Code for Decryption of secret message



This module performs the decryption of an AES-GCM encrypted message that was previously hidden within video frames. The process starts by retrieving the necessary cryptographic components stored in separate files: the encrypted message, initialization vector (IV), authentication tag, and salt—each encoded in Base64 format. The system uses the Password-Based Key Derivation Function (PBKDF2) along with SHA-256 hashing to derive a 256-bit AES key from a user-supplied password and the extracted salt. Once the key is derived, the AES cipher is initialized in Galois/Counter Mode (GCM) using the IV and tag to ensure both confidentiality and integrity of the message. The ciphertext is then decrypted, and the original plaintext message is recovered after removing any padding added during the encryption phase. Finally, the decrypted message is saved to a text file and displayed on the console for verification.
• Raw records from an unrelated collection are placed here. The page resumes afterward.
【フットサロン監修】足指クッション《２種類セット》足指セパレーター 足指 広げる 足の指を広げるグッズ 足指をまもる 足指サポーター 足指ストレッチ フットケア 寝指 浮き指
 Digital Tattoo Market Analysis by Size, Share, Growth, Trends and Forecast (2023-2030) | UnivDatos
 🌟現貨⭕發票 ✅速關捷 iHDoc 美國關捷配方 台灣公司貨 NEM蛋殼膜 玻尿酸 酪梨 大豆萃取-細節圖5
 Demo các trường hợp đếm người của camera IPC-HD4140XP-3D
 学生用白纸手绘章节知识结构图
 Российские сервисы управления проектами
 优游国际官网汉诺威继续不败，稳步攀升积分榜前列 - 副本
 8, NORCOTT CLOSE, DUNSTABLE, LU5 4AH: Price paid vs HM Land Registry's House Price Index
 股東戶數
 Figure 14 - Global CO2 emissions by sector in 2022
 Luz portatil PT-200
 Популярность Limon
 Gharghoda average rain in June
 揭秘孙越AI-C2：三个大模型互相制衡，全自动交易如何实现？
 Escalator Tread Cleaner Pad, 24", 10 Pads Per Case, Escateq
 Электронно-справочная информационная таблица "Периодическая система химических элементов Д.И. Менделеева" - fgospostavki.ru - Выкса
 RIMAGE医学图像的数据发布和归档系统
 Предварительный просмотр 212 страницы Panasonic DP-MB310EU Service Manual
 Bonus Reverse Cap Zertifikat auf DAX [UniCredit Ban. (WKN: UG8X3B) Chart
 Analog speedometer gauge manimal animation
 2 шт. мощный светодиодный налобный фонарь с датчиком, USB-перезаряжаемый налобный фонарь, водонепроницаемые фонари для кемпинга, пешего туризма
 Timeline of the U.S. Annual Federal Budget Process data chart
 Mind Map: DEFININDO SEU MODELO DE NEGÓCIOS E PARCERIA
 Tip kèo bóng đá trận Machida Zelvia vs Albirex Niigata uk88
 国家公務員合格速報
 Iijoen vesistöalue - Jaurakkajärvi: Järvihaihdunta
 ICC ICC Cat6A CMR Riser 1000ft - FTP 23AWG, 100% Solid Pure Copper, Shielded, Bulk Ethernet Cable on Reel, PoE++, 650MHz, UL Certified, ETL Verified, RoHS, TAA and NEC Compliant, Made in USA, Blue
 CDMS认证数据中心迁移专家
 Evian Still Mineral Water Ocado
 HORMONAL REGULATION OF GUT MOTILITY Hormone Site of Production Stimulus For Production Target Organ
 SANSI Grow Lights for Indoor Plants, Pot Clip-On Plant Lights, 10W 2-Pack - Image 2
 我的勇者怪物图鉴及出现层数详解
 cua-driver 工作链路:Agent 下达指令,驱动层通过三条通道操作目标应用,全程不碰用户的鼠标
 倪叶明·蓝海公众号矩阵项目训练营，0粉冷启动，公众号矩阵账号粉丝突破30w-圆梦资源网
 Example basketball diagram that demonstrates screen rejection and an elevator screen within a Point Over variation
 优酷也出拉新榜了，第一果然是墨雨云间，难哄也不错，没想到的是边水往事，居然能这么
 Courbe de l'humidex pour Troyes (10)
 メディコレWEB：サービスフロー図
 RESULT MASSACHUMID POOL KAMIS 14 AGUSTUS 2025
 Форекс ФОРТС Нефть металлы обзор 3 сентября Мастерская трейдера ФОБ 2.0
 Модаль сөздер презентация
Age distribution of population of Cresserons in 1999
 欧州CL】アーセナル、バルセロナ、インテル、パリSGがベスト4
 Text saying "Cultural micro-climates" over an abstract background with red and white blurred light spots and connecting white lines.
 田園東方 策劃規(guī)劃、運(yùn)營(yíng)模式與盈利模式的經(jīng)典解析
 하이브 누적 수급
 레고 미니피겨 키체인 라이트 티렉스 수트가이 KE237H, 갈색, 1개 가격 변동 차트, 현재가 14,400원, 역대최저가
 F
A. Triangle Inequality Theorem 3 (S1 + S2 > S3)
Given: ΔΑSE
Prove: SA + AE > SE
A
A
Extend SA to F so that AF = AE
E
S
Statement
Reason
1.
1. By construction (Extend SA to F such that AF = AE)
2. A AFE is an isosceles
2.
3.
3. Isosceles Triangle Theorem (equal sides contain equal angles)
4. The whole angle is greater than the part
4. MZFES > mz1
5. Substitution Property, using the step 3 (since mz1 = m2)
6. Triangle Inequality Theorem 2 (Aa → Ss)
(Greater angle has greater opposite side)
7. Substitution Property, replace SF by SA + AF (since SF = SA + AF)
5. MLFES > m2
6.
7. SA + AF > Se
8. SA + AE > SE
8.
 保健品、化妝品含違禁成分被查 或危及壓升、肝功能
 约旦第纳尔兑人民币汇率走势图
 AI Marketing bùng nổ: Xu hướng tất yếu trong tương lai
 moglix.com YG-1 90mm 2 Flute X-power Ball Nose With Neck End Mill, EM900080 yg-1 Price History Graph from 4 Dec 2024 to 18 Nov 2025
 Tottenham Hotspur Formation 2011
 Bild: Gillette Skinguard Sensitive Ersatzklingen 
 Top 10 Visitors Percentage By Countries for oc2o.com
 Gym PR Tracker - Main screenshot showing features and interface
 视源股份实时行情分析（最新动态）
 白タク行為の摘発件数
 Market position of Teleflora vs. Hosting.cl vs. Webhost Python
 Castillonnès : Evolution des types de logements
This step is critical in reversing the encryption process and recovering the original hidden data securely.


Implementation Highlights:

  • AES-GCM Decryption: Utilized the AES cipher in Galois/Counter Mode (GCM) for secure and authenticated decryption of the embedded message.
  • Key Derivation using PBKDF2: Generated a 256-bit AES key from a password using PBKDF2HMAC with SHA-256 and a randomly generated salt to enhance security against brute-force attacks.
  • Base64 Encoding/Decoding: Handled all cryptographic components (ciphertext, IV, tag, salt) using Base64 encoding for file-safe storage and reliable transmission.
  • Secure Unpadding: Applied PKCS7 unpadding after decryption to retrieve the original plaintext message without padding artifacts.
  • Modular File Handling: Segregated encrypted data and cryptographic parameters into individual files, improving clarity, modularity, and debugging convenience.
  • Error Handling: Wrapped the decryption logic in a try-except block to handle exceptions gracefully and display appropriate error messages.

Output


The image shows a steganalysis comparison



After LSB-based embedding, the stego video retained high visual similarity to the cover video, with negligible perceptual distortion. Quantitative analysis using metrics like PSNR (Peak Signal-to-Noise Ratio) showed values above 40 dB, indicating high fidelity. Histogram analysis revealed minimal distributional changes, and noise variance in stego frames remained close to cover frames, further proving subtle embedding. The steganalysis module verified the robustness of the embedding process by confirming the presence of hidden data through detectable yet minimal differences. Overall, the system achieved a successful balance between imperceptibility, security, and reliability, making it suitable for secure video data transmission and privacy-preserving applications.

Conclusion


The project successfully demonstrates a secure and efficient method for embedding encrypted text into a video using a combination of AES-CBC encryption and LSB steganography. By applying cryptographic encryption before the embedding process, the system ensures that even if the hidden data is extracted, it remains unreadable without the decryption key and initialization vector. The use of video frames as a medium for steganography offers a large capacity for hidden data, while the LSB method preserves the perceptual quality of the original video, making the modifications virtually imperceptible to the human eye. Throughout the implementation, care was taken to ensure data integrity, maintain synchronization between frames, and securely manage the encryption parameters. The system can be extended for secure message transmission, digital watermarking, and other privacy-preserving multimedia applications. In conclusion, this approach provides a two-layered security model that combines the confidentiality of cryptography with the concealment of steganography, offering a practical solution for covert communication in digital media.